Asian American Diaspora Studies
Duke’s 2024 Asian American Diaspora Program Fall Symposium, held on October 26th, was centered around the theme “Feeling Asian America,” delving into the pain, pleasure, joy, guilt and rage which create what we understand as “Asian America.” Spanning talks, discussions, a workshop and a drag show, the symposium interrogated the quotidian and the structural fabric of racialized contemporaries.
David Eng, who is the Richard L. Fisher Professor of English and Faculty Director of the Program in Asian American Studies at the University of Pennsylvania, opened the symposium with a talk titled “Racial Rage, Racial Guilt: The Uses of Anger in Asian America.” Asians, Eng argued, are tasked with simultaneously holding white guilt and Black rage, a kind of gaslighting which effectively transforms them into ‘racial coolies.’

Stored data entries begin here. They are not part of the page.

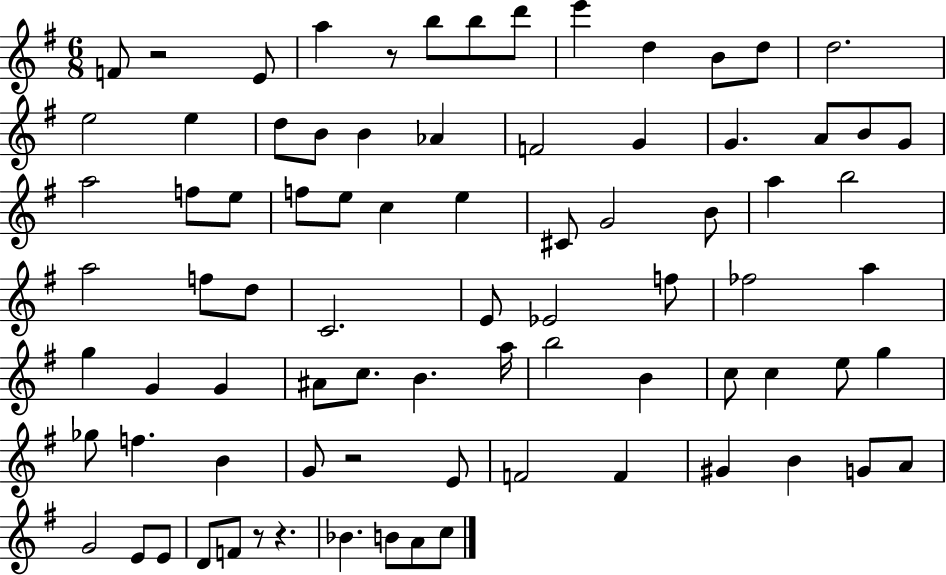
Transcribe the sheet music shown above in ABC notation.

X:1
T:Untitled
M:6/8
L:1/4
K:G
F/2 z2 E/2 a z/2 b/2 b/2 d'/2 e' d B/2 d/2 d2 e2 e d/2 B/2 B _A F2 G G A/2 B/2 G/2 a2 f/2 e/2 f/2 e/2 c e ^C/2 G2 B/2 a b2 a2 f/2 d/2 C2 E/2 _E2 f/2 _f2 a g G G ^A/2 c/2 B a/4 b2 B c/2 c e/2 g _g/2 f B G/2 z2 E/2 F2 F ^G B G/2 A/2 G2 E/2 E/2 D/2 F/2 z/2 z _B B/2 A/2 c/2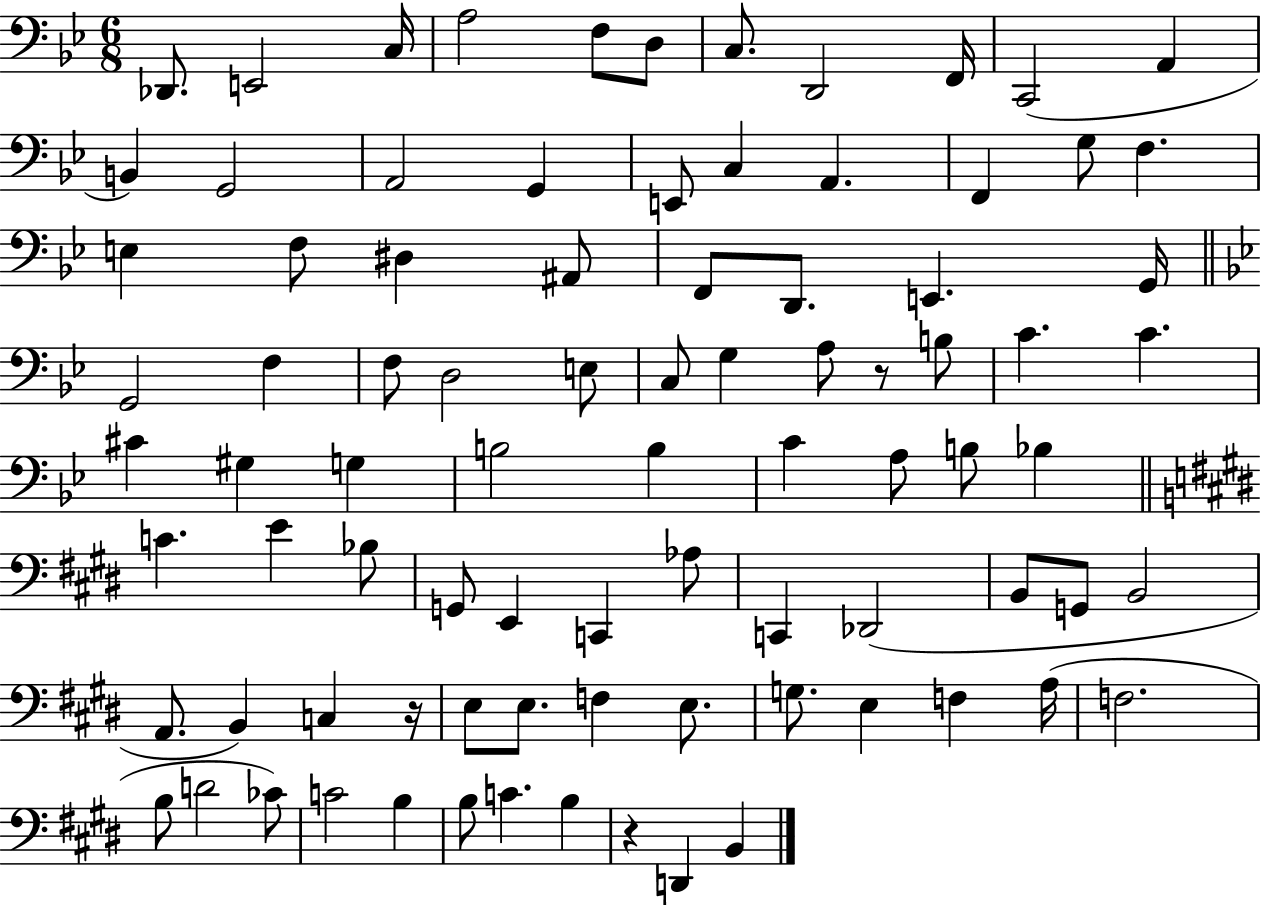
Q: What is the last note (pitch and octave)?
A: B2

Through a discussion of the Netflix show “Beef” and a case history of an Asian American woman, Eng illuminated the anxieties wrought by an unstable Asian subjectivity constructed alongside Black and white subjectivities. Falling into a genealogy of racial melancholia, the Asian subject is made to bear the weight of intertwined racialized affects which were never her own.

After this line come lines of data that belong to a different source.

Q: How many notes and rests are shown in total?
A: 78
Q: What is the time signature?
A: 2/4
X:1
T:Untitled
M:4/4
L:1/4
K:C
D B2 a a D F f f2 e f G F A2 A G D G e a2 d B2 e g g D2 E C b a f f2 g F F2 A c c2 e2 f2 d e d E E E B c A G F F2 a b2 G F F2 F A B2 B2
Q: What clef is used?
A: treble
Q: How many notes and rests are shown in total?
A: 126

Eng’s talk was followed by Kareem Khubchandani, who is the Associate Professor of Theatre, Dance and Performance Studies, as well as Studies in Race, Colonialism and Diaspora at Tufts University. In his talk, “Auntologies: BDSM, Porn, Fashion, and Queer Futures,” Khubchandani picked up some of the complicated threads of identity-formation put forth by Eng.
Khubchandani began by paying homage to his own aunties, and the ways through which their expansive ways of doing gender informed his own. He then laid down his goal for the talk: to think queerly with aunty and her “sheer impossibility.” Thinking against popular conceptions of the aunty as the embodiment of excess or as antagonists of queer potentiality,
Khubchandani asked what shifts when aunty is situated in economies of pleasure instead of disdain and derision. What new opportunities arise when aunties are repositioned in relation to one another, instead of being in a perpetual caretaking role for younger generations?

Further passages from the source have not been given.